▼▼▼

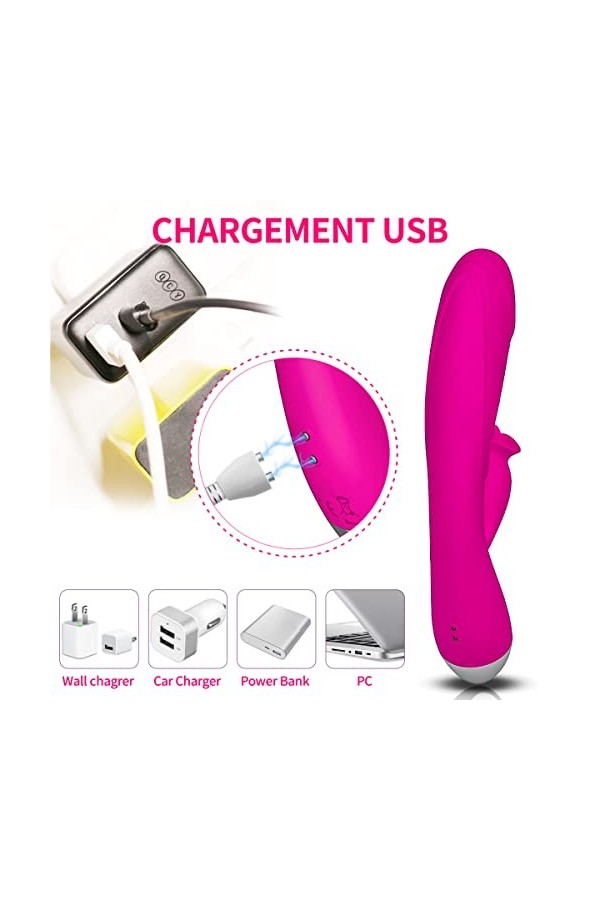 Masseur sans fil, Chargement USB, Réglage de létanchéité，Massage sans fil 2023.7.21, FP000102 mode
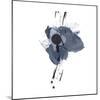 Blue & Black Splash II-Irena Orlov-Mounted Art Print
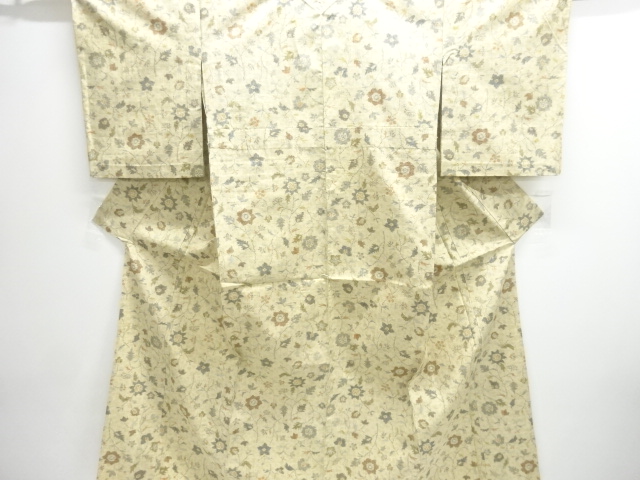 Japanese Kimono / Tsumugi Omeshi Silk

▲▲▲

Faithful copy, images left out: write out every line of data.

 Masseur sans fil, Chargement USB, Réglage de létanchéité，Massage sans fil 2023.7.21, FP000102 mode
 Blue & Black Splash II-Irena Orlov-Mounted Art Print
 Japanese Kimono / Tsumugi Omeshi Silk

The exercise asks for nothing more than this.